▶ Extracted records:
▼▼▼

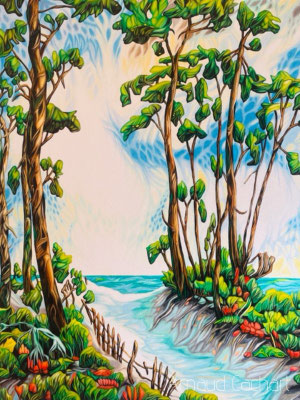 Home - dimensions 25F (81x65)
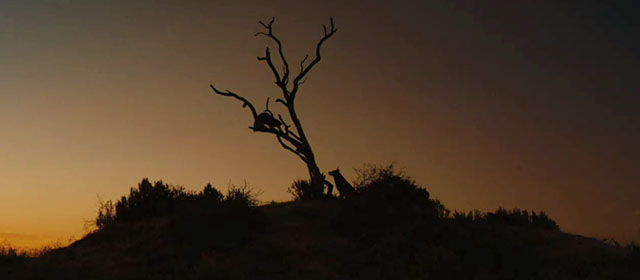 Red Dog - longhair brown and white tabby cat Red Cat in tree guarded by Koko Red Dog
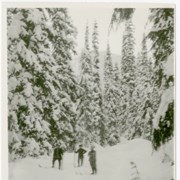 Cover image of On ski trip. Banff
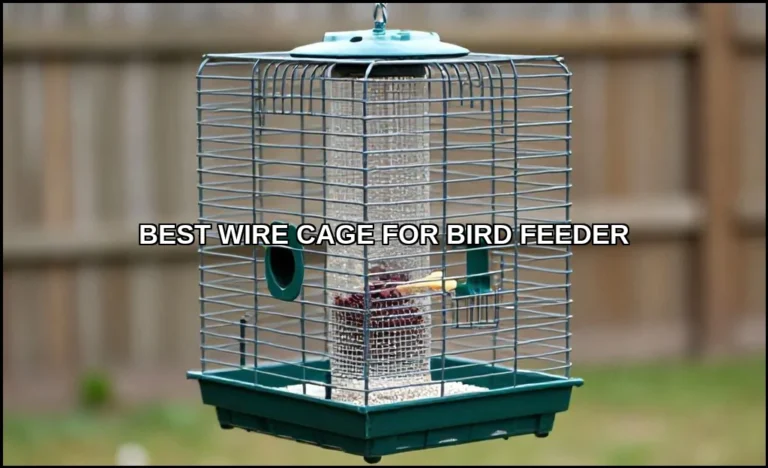 Best wire cage for bird feeder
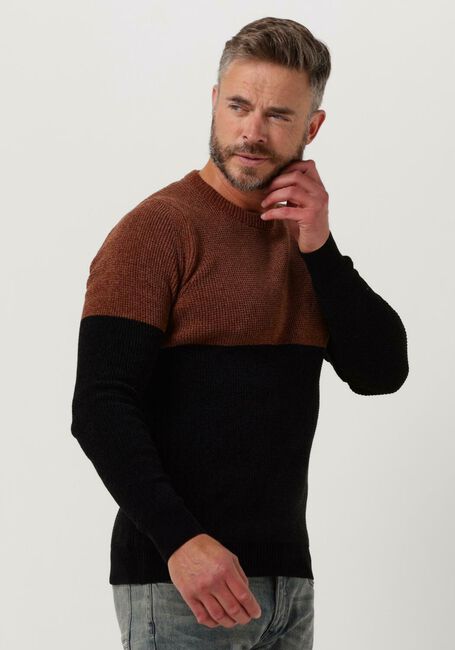 Braune CAST IRON Pullover R-NECK REGULAR FIT CHENILLE COTTON PLATED - large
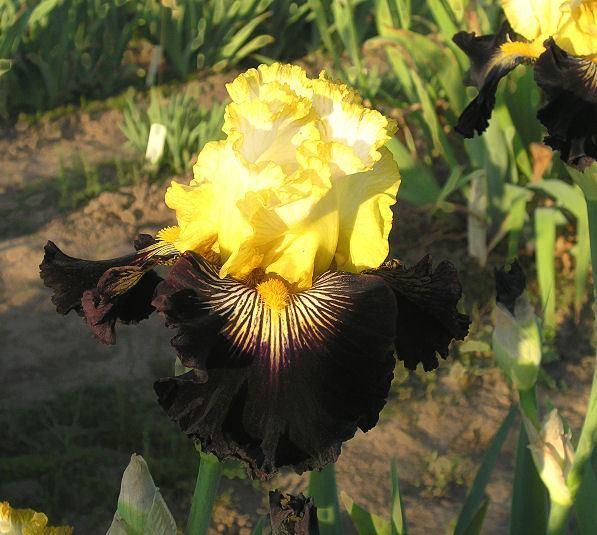 Photo of Tall Bearded Iris (Iris 'Reckless Abandon') uploaded by Misawa77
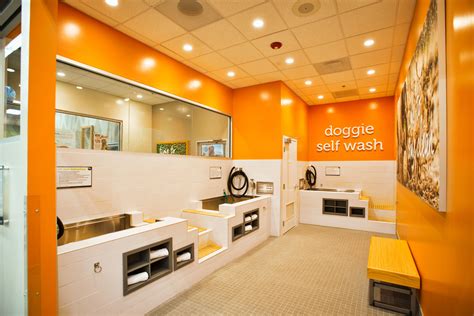 Dog Wash High-Tech Dog Washing Facility Pets on Point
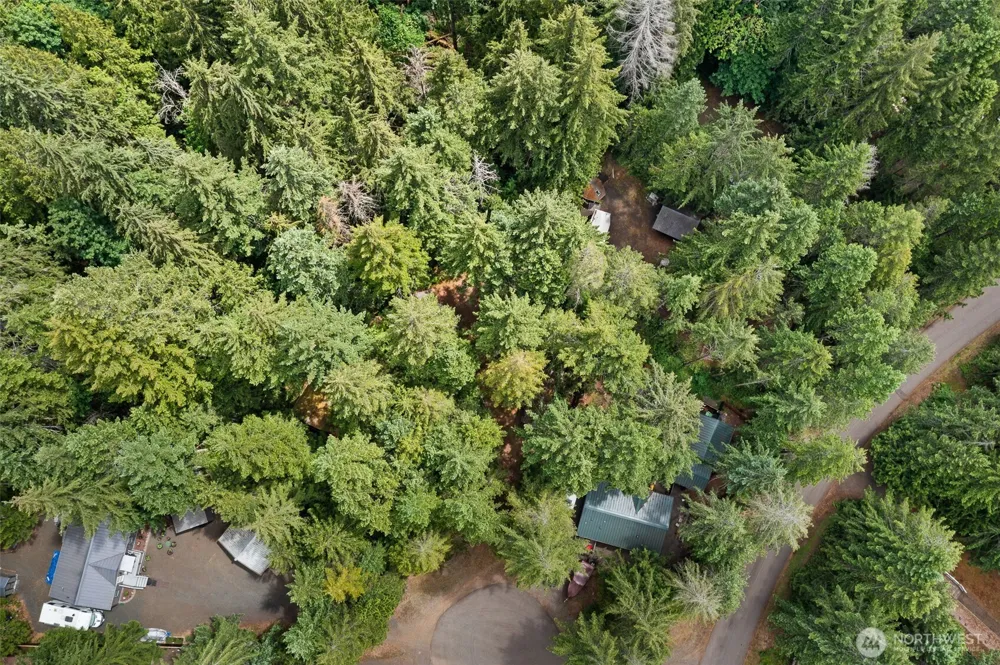 20 Mount Jupiter Court Hoodsport, WA 98548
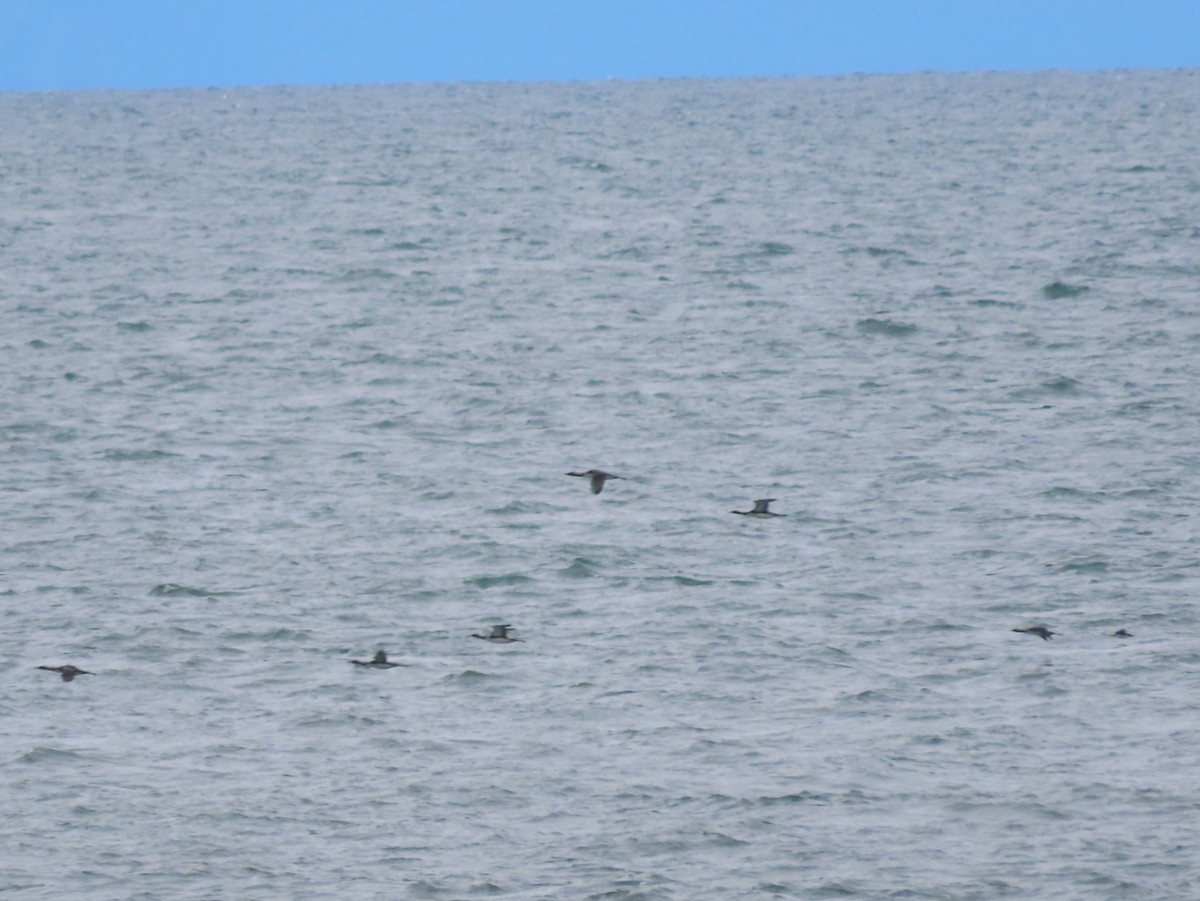 Pacific Loon - ML641953926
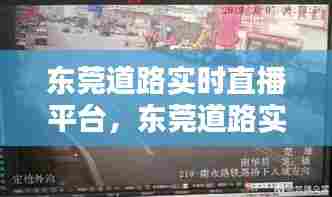 东莞道路实时直播平台，东莞道路实时直播平台有哪些 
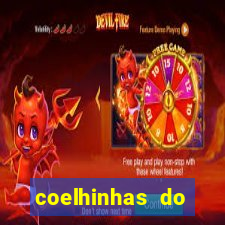 coelhinhas do brasil jp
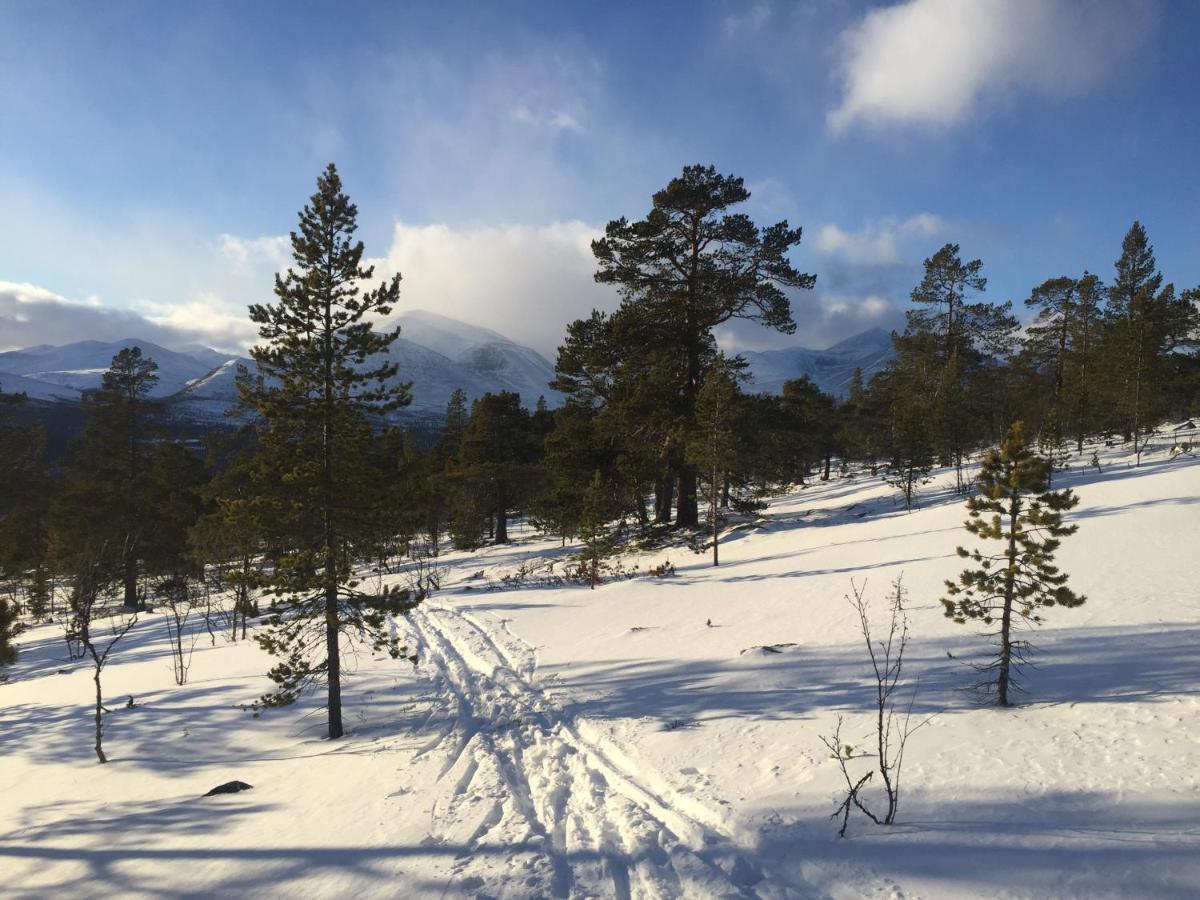 Ferienhaus øvre Nordli Rondane Utleie Friluftsliv Sollia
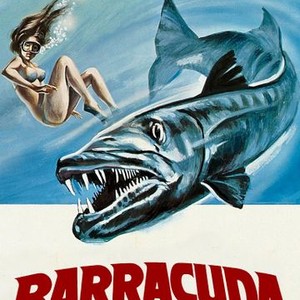 Barracuda photo 6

▲▲▲

▶ What the task requires: Please quote the records above exactly, beginning at the line that contains "Ferienhaus øvre Nordli" and ending at their last line. Leave the pictures out.

▶ Exercise answer:
 Ferienhaus øvre Nordli Rondane Utleie Friluftsliv Sollia
 Barracuda photo 6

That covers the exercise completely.